Apabila seseorang menyaksikan pada malam ke 30 bulan Sya’ban di suatu tempat, dekat maupun jauh, maka wajib puasa. Demikian juga kalau menyaksikan hilal pada waktu siang menjelang maghrib maka harus imsak (berpuasa) untuk waktu yang tersisa, sama saja baik satu iklim atau banyak iklim.” (Majmu’ Fatawa Juz 25 hal 104-105)

Shidiq Hasan Khan berkata : “Apabila penduduk suatu negeri melihat hilal, maka seluruh negeri harus mengikutinya. Hal itu dari segi pengambilan dalil hadits-hadits yang jelas mengenai puasa, yaitu “karena melihat hilal dan berbuka karena hilal” (Hadits Abu Hurairah dan lain-lain). Hadits-hadits tersebut berlaku untuk semua ummat, maka barangsiapa diantara mereka melihat hilal dimana saja tempatnya, jadilah ru’yah itu untuk semuanya …” (Ar-Raudhah An-Nadiyah 1/146).

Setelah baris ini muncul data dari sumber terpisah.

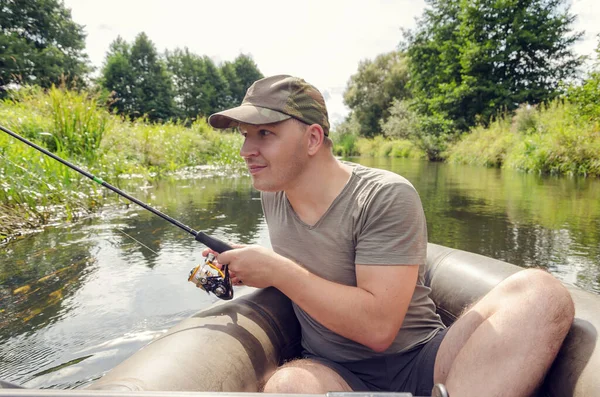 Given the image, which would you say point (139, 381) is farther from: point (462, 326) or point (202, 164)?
point (202, 164)

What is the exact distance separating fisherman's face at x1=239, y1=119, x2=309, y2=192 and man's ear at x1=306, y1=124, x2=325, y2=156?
0.02m

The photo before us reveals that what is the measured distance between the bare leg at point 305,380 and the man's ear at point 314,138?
2.55 feet

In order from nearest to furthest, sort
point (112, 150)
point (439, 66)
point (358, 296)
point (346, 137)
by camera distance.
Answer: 1. point (358, 296)
2. point (112, 150)
3. point (439, 66)
4. point (346, 137)

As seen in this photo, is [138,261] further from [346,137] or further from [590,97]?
[346,137]

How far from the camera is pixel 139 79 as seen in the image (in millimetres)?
38781

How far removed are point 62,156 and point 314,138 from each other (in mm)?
4997

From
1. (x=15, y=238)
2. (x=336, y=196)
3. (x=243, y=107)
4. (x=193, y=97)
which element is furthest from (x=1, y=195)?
(x=193, y=97)

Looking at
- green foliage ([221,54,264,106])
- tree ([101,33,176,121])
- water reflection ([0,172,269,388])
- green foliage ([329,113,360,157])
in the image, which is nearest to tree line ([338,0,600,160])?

Syaikh Muhammad Nashiruddin Al-Albani rahimahullah dalam mengomentari ucapan Sayyid Sabiq yang mendukung pendapat yang mewajibkan ru’yah bagi setiap penduduk suatu negeri dan penentuan jarak dan tanda-tandanya mengatakan : “… Saya –demi Allah- tidak mengetahui apa yang menghalangi Sayyid Sabiq sehingga dia memilih pendapat yang syadz (ganjil) ini dan enggan mengambil keumuman hadits yang shahih dan merupakan pendapat jumhur ulama sebagaimana yang dia sebutkan sendiri. Pendapat ini juga telah dipilih oleh banyak kalangan ulama muhaqiqin seperti Ibnu Taimiyyah, di dalam Al-Fatawa jilid 25, As-Syaukani dalam Nailul Authar, Shidiq Hasan Khan di dalam Ar-Raudhah An-Nadiyah 1/224-225 dan selain mereka. Dan inilah yang benar. Pendapat ini tidak bertentangan dengan hadits Ibnu Abbas (hadits Kuraib) karena beberapa perkara yang disebutkan As-Syaukani rahimahullah. Kemungkinan yang lebih kuat untuk dikatakan adalah bahwa hadits Ibnu Abbas tertuju bagi orang yang berpuasa berdasarkan ru’yah negerinya, kemudian sampai berita kepadanya pada pertengahan Ramadhan bahwa di negeri lain melihat hilal satu hari sebelumnya. Pada keadaan semacam ini beliau (Ibnu Abbas) meneruskan puasanya bersama penduduk negerinya sampai sempurna 30 hari atau melihat hilal. Dengan demikian hilanglah kesulitan (pengkompromian dua hadits) tersebut sedangkan hadits Abu Harairah dan lain-lain tetap pada keumumannya, mencakup setiap orang yang sampai kepadanya ru’yah hilal dari negeri mana saja tanpa adanya batasan jarak sama sekali, sebagaimana yang ditegaskan oleh Ibnu Taimiyah di dalam Al-Fatawa 75/104 …(Tamamul Minnah, hal. 397)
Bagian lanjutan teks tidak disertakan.